いつかを変えることの代償 終幕(前編)

「工藤君の事件であったり厄介事を引き付ける才能というか、吸引体質は相当酷いと言っても過言じゃないわ。そして妃さんはその全てとは言わなくとも昔からよく付き合ってきて、その度々に吊り橋効果のようにドキドキしてきたんでしょうね・・・この辺りは私よりも鈴木さんの方が知っていると思うけれど」
「実際新一君といる時の蘭はイキイキと言うか、退屈してるって感じじゃなかったわね。まぁ流石に事件を前にしたらそういったことばっかり考えてられる訳じゃないけど・・・まぁとにかく、そんな新一君と蘭は長い間一緒にいたわけだけど年を取るとどうしたって慣れって出てくるのよ。また事件かって前のようにドキドキするとかってより、うんざりするって形でね」
「あ~・・・まぁひっきりなしに事件に巻き込まれりゃそれはそうなるわな・・・特に結婚してからも家の事をそこまで気にした様子もなかったって聞いたし、蘭からすりゃうんざりもするか・・・」
志保と園子はいかに吊り橋効果があったかもだが年月の経過についてのその変化も口にし、小五郎は蘭の立場なら分からないでもないと頷く。
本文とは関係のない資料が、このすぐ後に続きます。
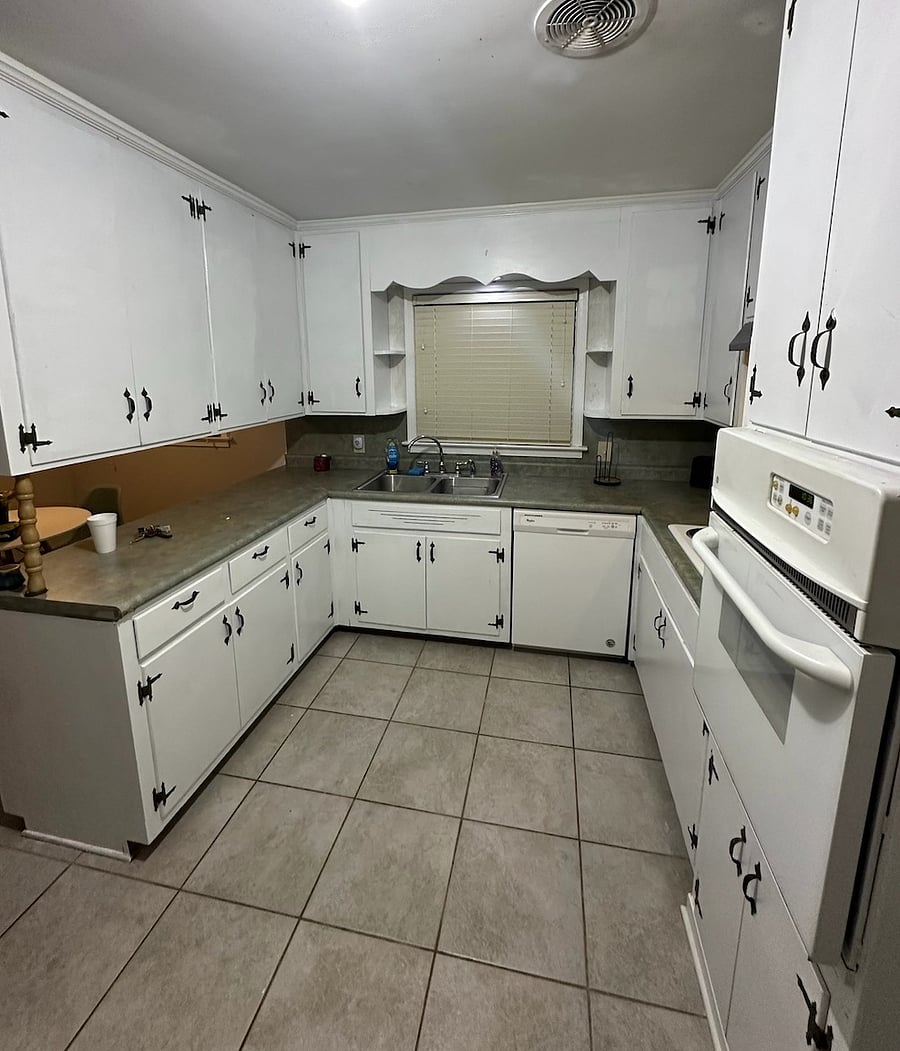 Furnished Finder property 692280_1 photo 4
・・・小五郎の感覚はどちらかと言えば一般人寄りだ。事件や死体に対する耐性は高いとは言えるが、だからと言って事件があるならと自分から直行するまでの性質はない。むしろ今となっては下手に自分が捜査に首を突っ込めば捜査をかき乱すような事をするつもりはないどころか、血生臭い事件には偶然でも出来るだけ関与したくないと小五郎は思っている。

だが新一は今も前と変わらず事件に対して前のめりになる姿勢に関しては変わってはいないと言う・・・園子や志保が言うように蘭が吊り橋効果で新一と一緒にいることを事件のドキドキと合わせたとするなら、それは確かに新一に惹かれる要素としては大きな物だと言えるだろう。それこそ志保が言ったように新一の事件吸引体質は相当に酷いために、数をこなせばそれだけのドキドキがあるために。
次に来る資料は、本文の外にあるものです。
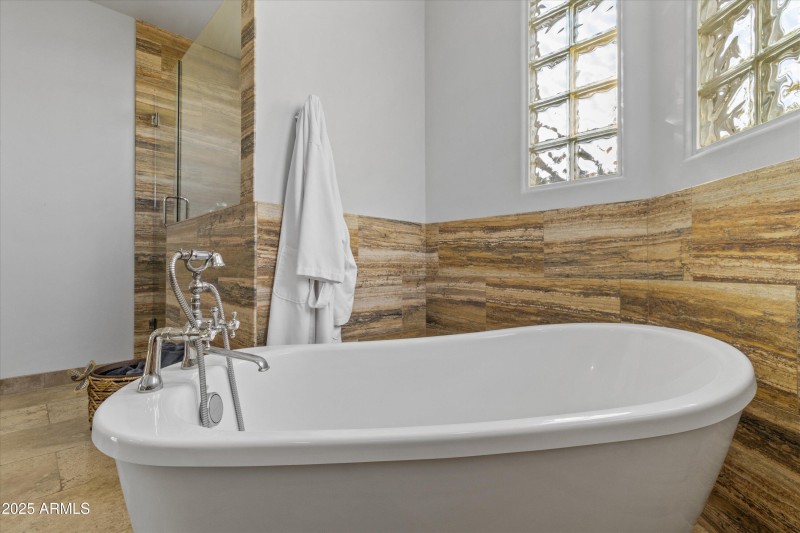 Stand-alone Tub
・・・だが刺激は相当に酷い物でなければ慣れるのが人であるし、年を重ねて立場が変わればまた人は変わる。そして何より言えることとしては、蘭自体は新一程事件に向き合おうというような心意気に姿勢はない。むしろ小五郎寄りの感性の持ち主であるということだ。
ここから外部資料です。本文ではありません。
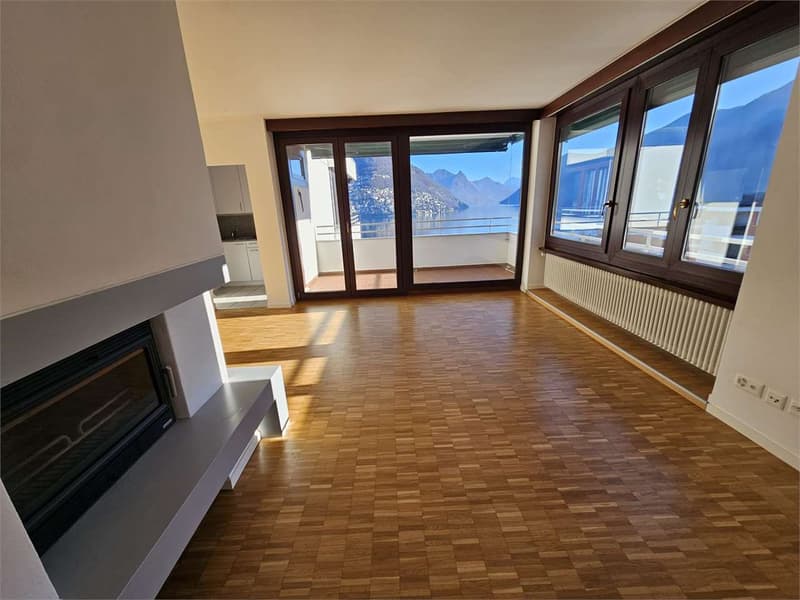 Lugano Paradiso, appartement 2.5 pièces avec vue sur le lac à louer (4)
「どんなに好きだからとか彼らしいと思ったところで、過ぎた薬は却って毒になるか耐性がついて効きにくくなるのがオチ・・・おそらく組織と関わることが無かったら工藤君達は結婚までは辿り着いたとしても、以降に離婚か別居に辿り着くまでの時間は前よりも短かったでしょうね」
「・・・何で組織と関わらなかったらそうなるんだ?」
「単に事件と関わるのとは別の刺激があったからよ。工藤君からすれば正体を隠しつつの想い人との同居で、妃さんからすれば連絡は取れはするものの直接会えないジレンマがあって、時折二人はある意味では劇的とも取れる形で出会う・・・言ってみればドラマティックな遠距離恋愛をしているような気分だったと思うわ。組織と相対してる間の二人の間柄に関してはね」
「あ~・・・蘭は元々からそういった物が好きだったが、新一は恋愛事っつーか困難だったりすると燃えるってタイプだったからな・・・そう考えると組織と関係してる時ってのは確かにあいつらの恋ってヤツにはよかったんだろうが、それは一時的っていうか先送り程度にしかならなかったってのか・・・」
その上で志保が組織との相対が新一達の恋愛が長引いた理由とその根拠を語り、小五郎は一層凹む気持ちを抱く。それが新一達の最終的にハッピーエンドに結び付くような結末ではなく、一時しのぎでしか無かったことに。